**About this task**
If an entry holds a picture, leave the picture out and output everything else exactly.

**Available data**
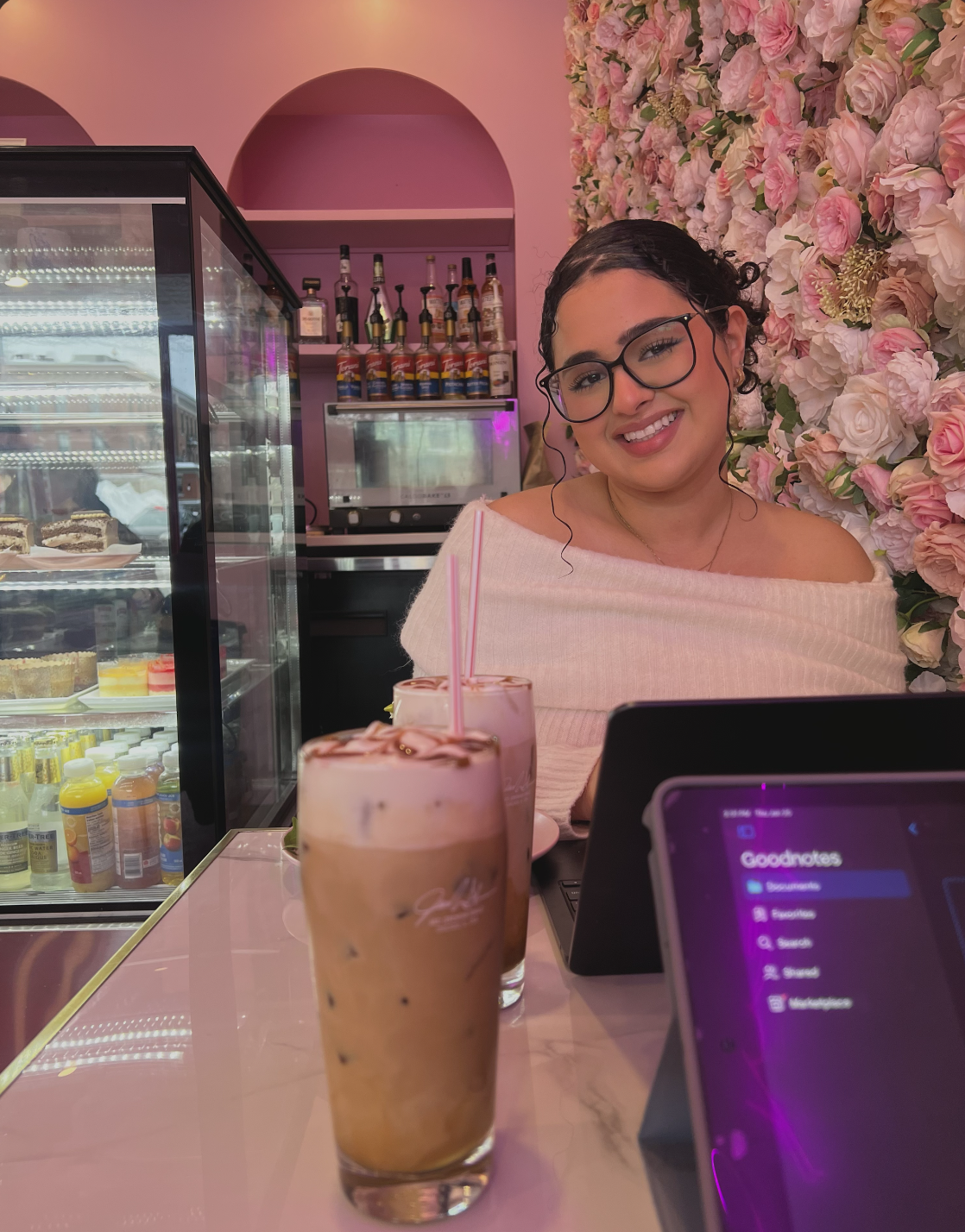 Student in restaurant posing beside flower wall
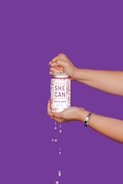 Two hands hold a can labeled 'She Can Coastal Berry' with liquid dripping from it, set against a vibrant purple background. The hands are positioned as though opening the can, suggesting action and refreshment.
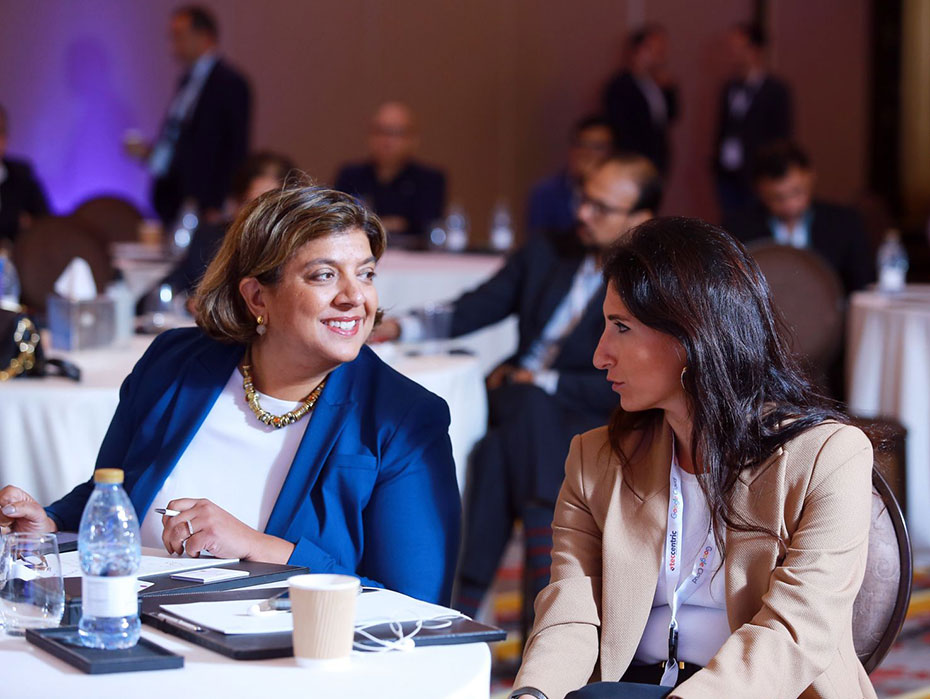 Two women are sitting at a table, smiling and talking to each other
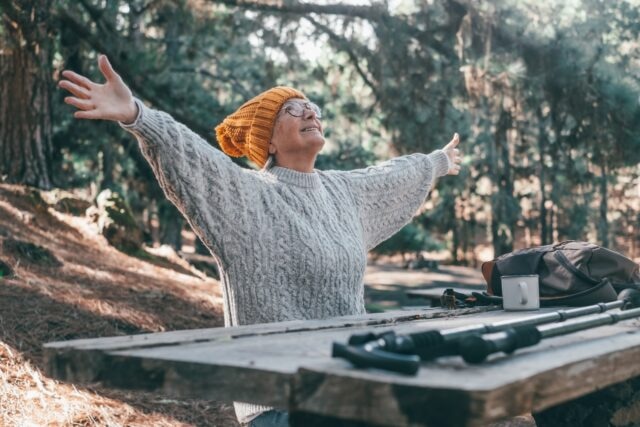 Old woman sitting happily in the forest. Enjoying nature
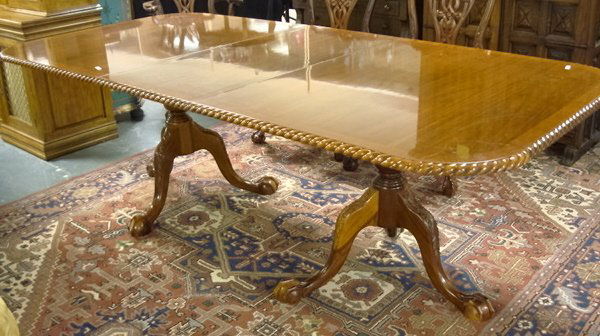 BALL & CLAW FOOT BANDED MAHOGANY DINING TABLE; RO: BALL & CLAW FOOT BANDED MAHOGANY DINING TABLE; ROPE TURNED EDGE W/LEAF; 46 IN X 75 IN CLOSED; LEAF IS 20 IN; 30 1/4 IN H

**Solution to this task**
 Student in restaurant posing beside flower wall
 Two hands hold a can labeled 'She Can Coastal Berry' with liquid dripping from it, set against a vibrant purple background. The hands are positioned as though opening the can, suggesting action and refreshment.
 Two women are sitting at a table, smiling and talking to each other
 Old woman sitting happily in the forest. Enjoying nature
 BALL & CLAW FOOT BANDED MAHOGANY DINING TABLE; RO: BALL & CLAW FOOT BANDED MAHOGANY DINING TABLE; ROPE TURNED EDGE W/LEAF; 46 IN X 75 IN CLOSED; LEAF IS 20 IN; 30 1/4 IN H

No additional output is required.